ChatGPT coffee test

ChatGPT Failed a Basic ‘Coffee Test’. Here’s Why It’s Not As Smart As We Think

4 min read
Disclaimer

This article is for general information purposes only and isn’t intended to be financial product advice. You should always obtain your own independent advice before making any financial decisions. The Chainsaw and its contributors aren’t liable for any decisions based on this content.

Share

Follow

ChatGPT failed the coffee test: ChatGPT can write code, plan a travel itinerary and even produce a Shakespeare-inspired play, but does it know how to make a simple cup of coffee when you ask it to? Yeah, nah.

What is the ‘Coffee Test’?

First put forward to these new beings by Apple co-founder Steve Wozniak, the Coffee Test is an experiment that lets one assess the intelligence of an AI machine.

According to Wozniak, the test requires an AI machine to:

 … go into an average American household and figure out how to make coffee, including identifying the coffee machine, figuring out what the buttons do, finding the coffee cabinet, etc.

Ben Goertzel in the How Do You Test the Strength of an AI? report, attributed to Steve Wozniak, Apple co-founder

The tester should first ask an AI system, for instance ChatGPT, to visualise a home, enter, locate the kitchen, and then make coffee. 

If an AI machine can perform this task without error, it passes the test and can be considered ‘generally intelligent’ or even human-like.

Why is this important?

The Coffee Test is an important benchmark when it comes to measuring an AI’s intelligence.

This is because the task of making a coffee is simple, yet it is one that encapsulates the fundamentals of basic human function: having the ability to perceive and navigate its way in familiar environments (e.g. a house), having ‘common sense’ reason to correctly deduce that coffee powder would be located in a cupboard and having knowledge of the steps to boil water and brew coffee.

ChatGPT made me a coffee

So, with all this in mind, I went to ask ChatGPT to make me a cup of my daily morning fuel.
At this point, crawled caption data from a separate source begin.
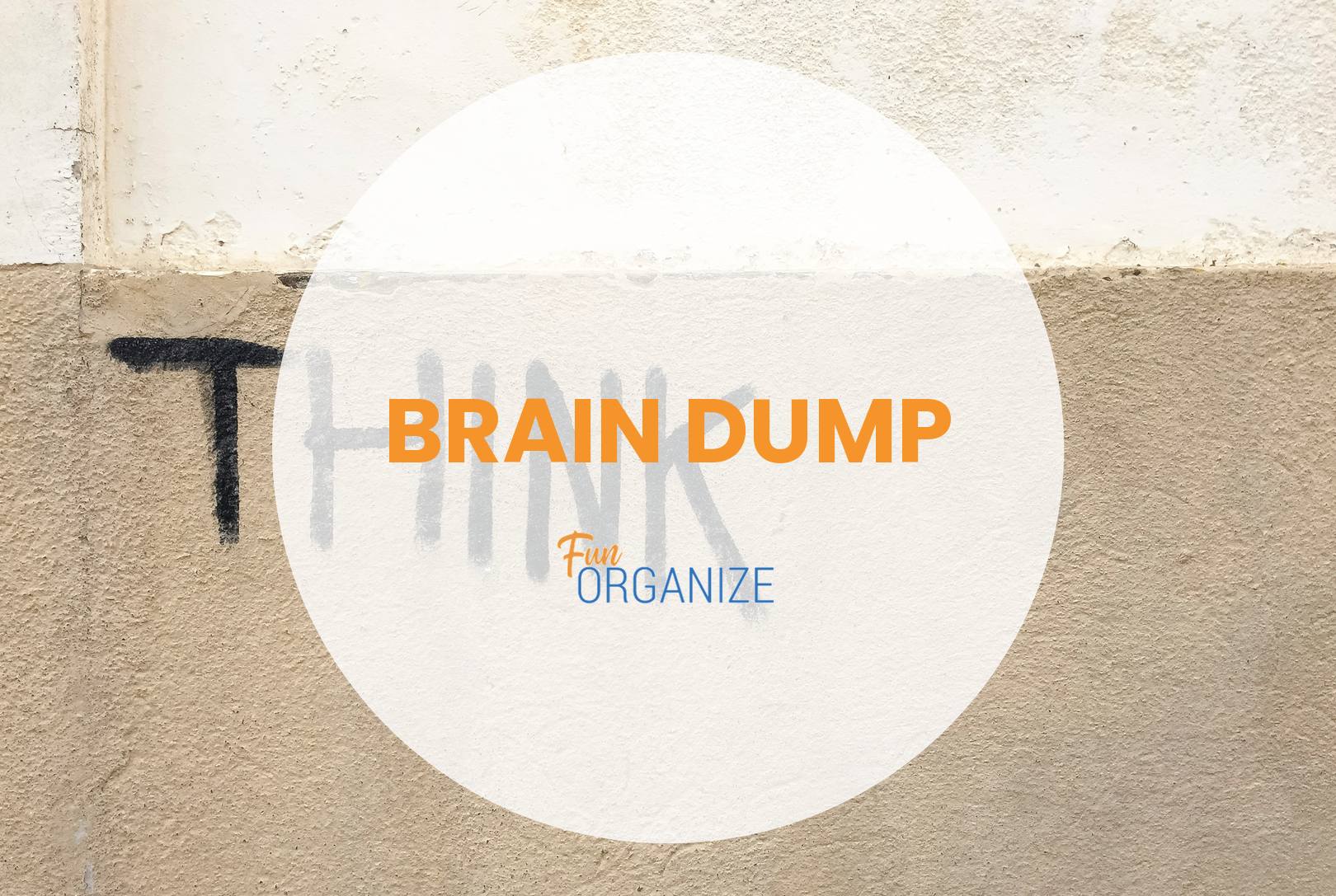carico mentale e brain dump
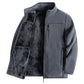 📢🎉50%Rabatt!!!🛍️✨Unisex schwere Fleecejacke mit durchgehendem Reißverschluss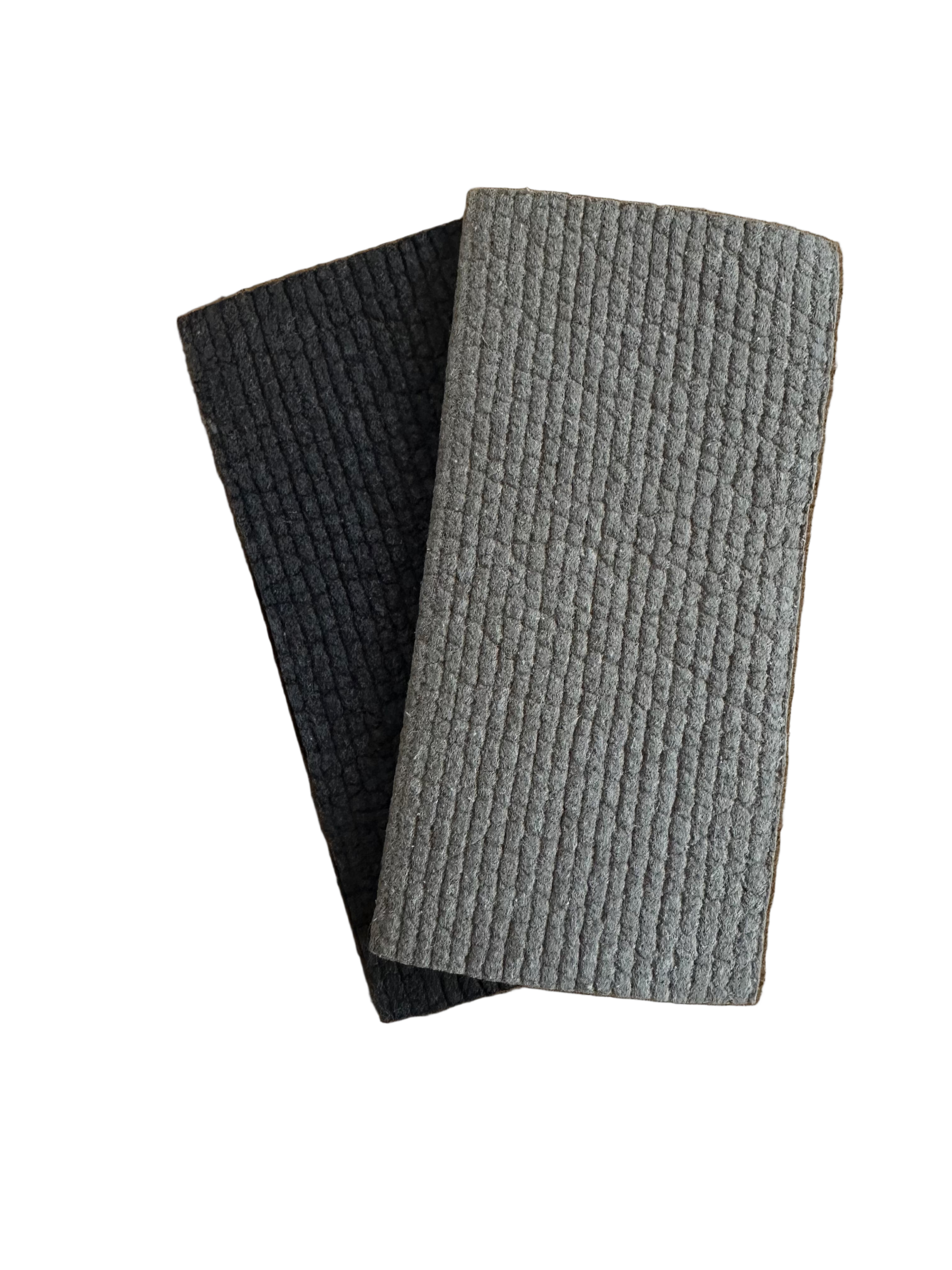 Sponge Cloth Set of 2 | light grey, anthracite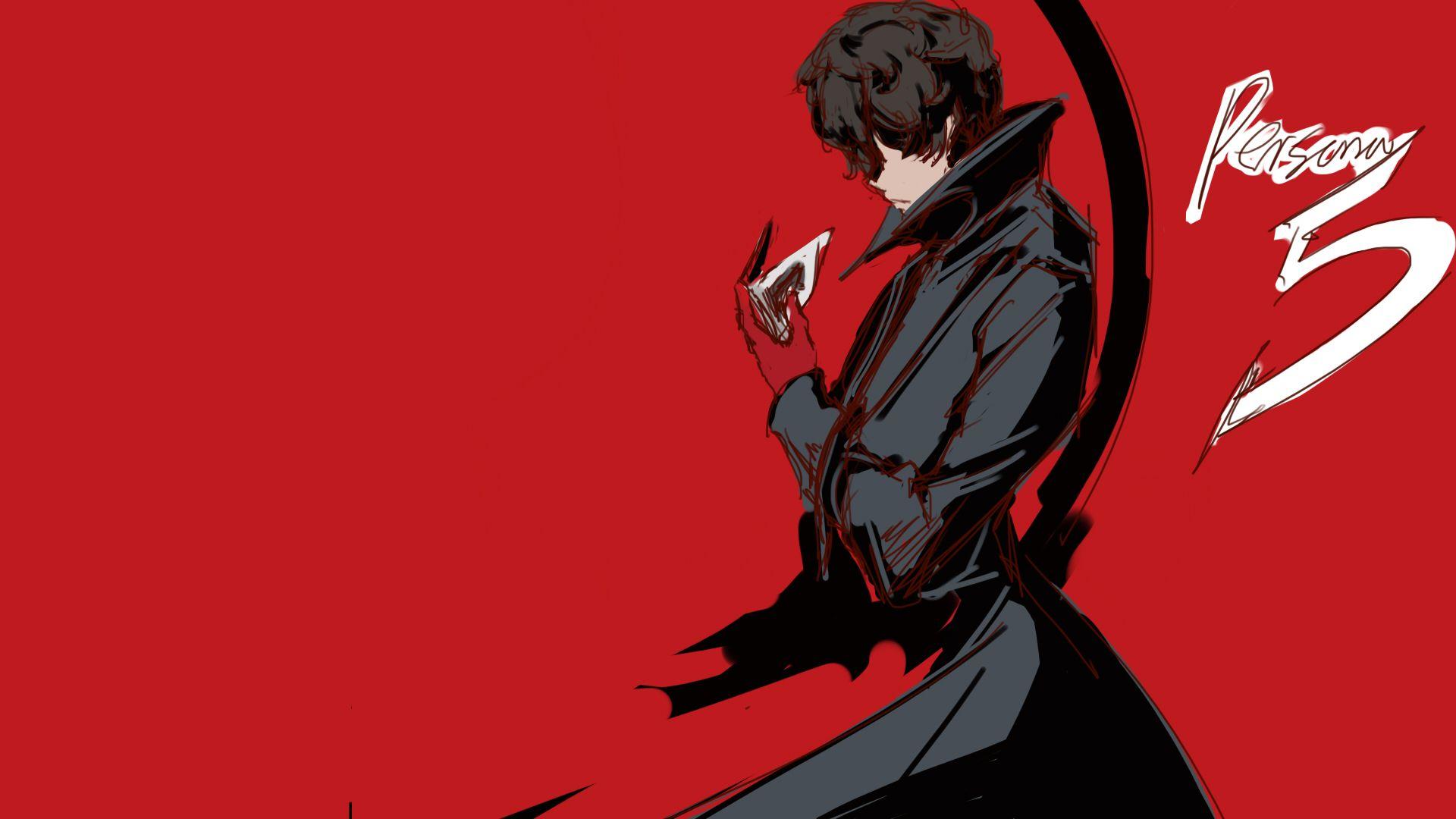 1920x1080 Joker Wallpaper Persona 5 1920 X 1080 Wallpaper & Background Download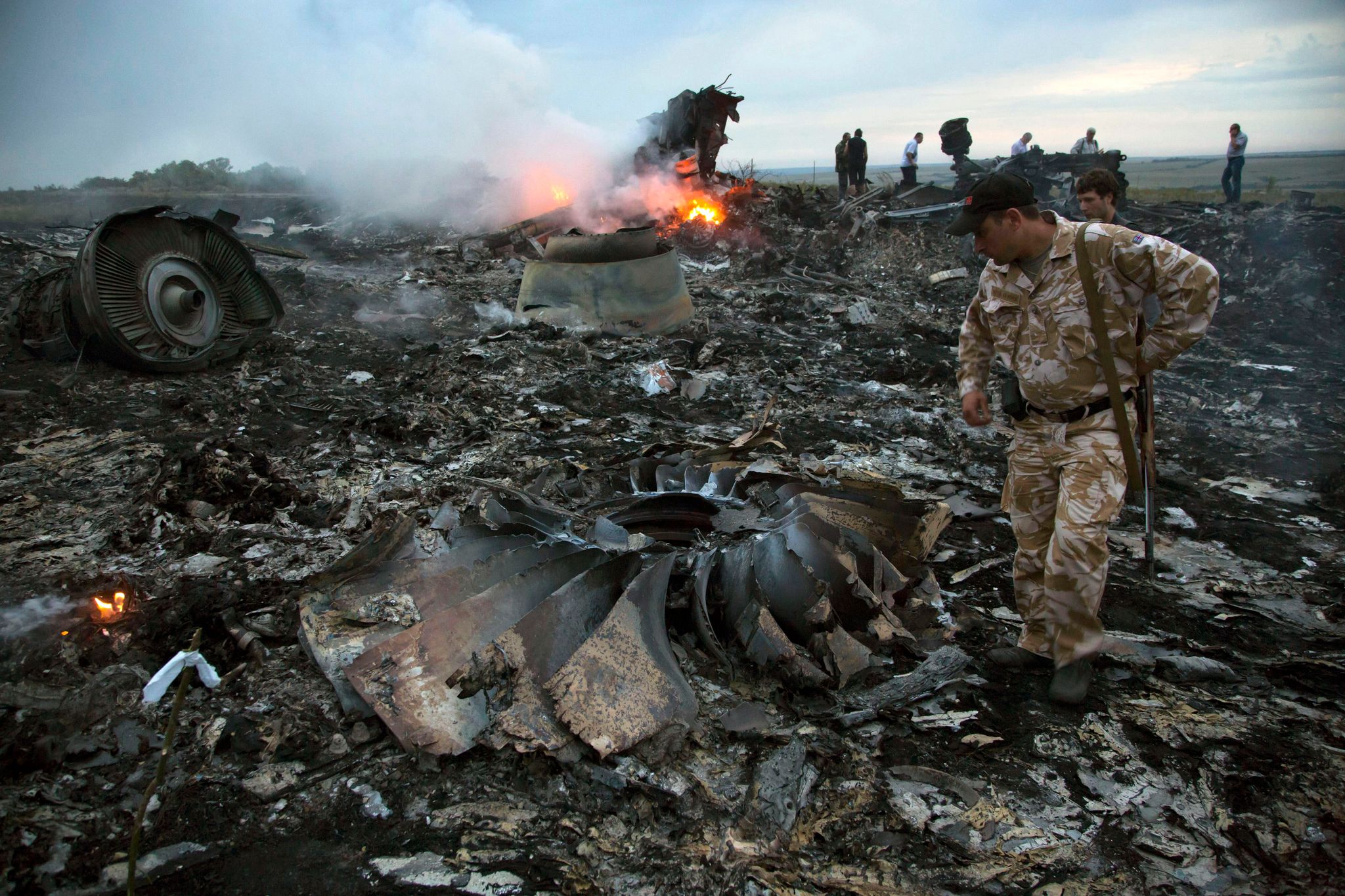 Elf Jahre ist der Abschuss der Passagiermaschine über der Ostukraine bereits her. (Archivbild)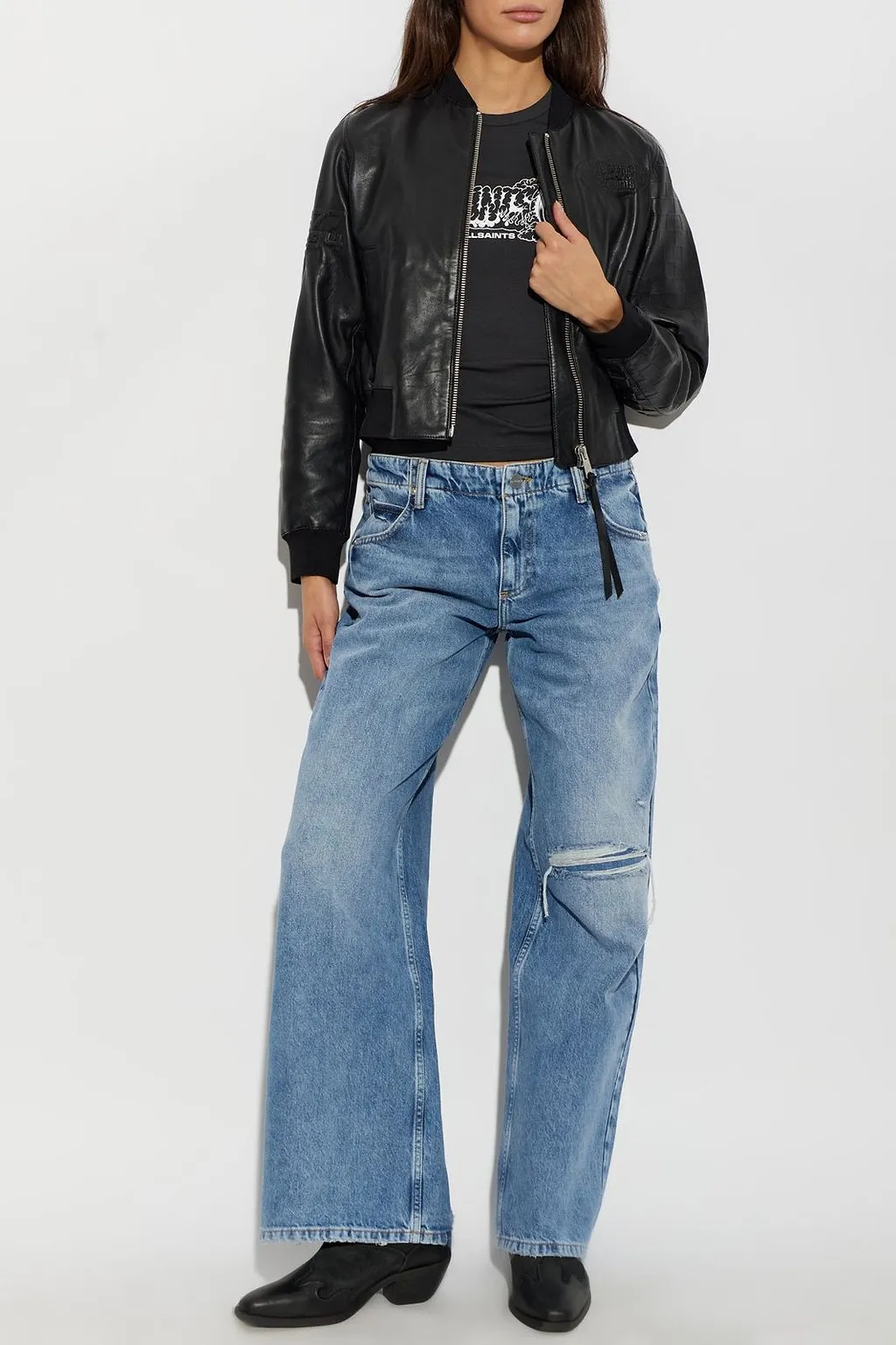 Allsaints Orten Bomber Jacket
I began with asking if it’s okay that I run a thought an experiment, which it gladly agreed to.

I began by asking it to identify where the kitchen is in my house. To start off, ChatGPT is aware that it isn’t human, doesn’t have a physical body, and therefore has no experience visiting someone’s home. In other words, it has no friends.

Next, I asked ChatGPT to locate the kitchen, which it does correctly.

Screenshot of my ‘Coffee Test’ conversation with ChatGPT.

Finally, I asked it to make coffee, which it refused twice. It told me to get my lazy arse up and make my own coffee instead, providing me with instructions.

ChatGPT coffee test
Screenshot of my ‘Coffee Test’ conversation with ChatGPT.

Does it fail or pass at this stage? I’d say fail, but I give it some points for self-awareness and for standing its ground in refusing to labour for me.

After my first attempt, I decided to run the test again. Interestingly, this time, it seemed to forget that it’s a language model and went ahead to play the role of a guest.

ChatGPT coffee test
Screenshot of my ‘Coffee Test’ conversation with ChatGPT.

This only lasted for one minute though, as it fell back to default chatbot assistant mode. Fail.

Is ChatGPT as intelligent as we think?

So what does all this mean? It means that ChatGPT isn’t the lifelike prodigy that we make it out to be. Wozniak didn’t provide reference materials for researchers to ‘passing criteria’ for the Coffee Test. However, in an old interview, he did make a remark that it would take very long for AI machines to level or surpass humans:

… you can come into my house and make a cup of coffee, and I could go into yours and I might be able to… but when is a computer ever going to get to that level?

If you had to analyse all the steps: you had to walk, to know what kitchens are … you got that from years of life.

Steve Wozniak, Apple co-founder

ChatGPT made headlines for its ability to nearly pass a medical school test, an MBA exam, and a bar test, but that’s because it’s fed millions or billions of data by humans. It doesn’t, however, know what your go-to coffee order is like the cute barista at your local café.

So, for now, it’s perhaps better to go for coffee runs.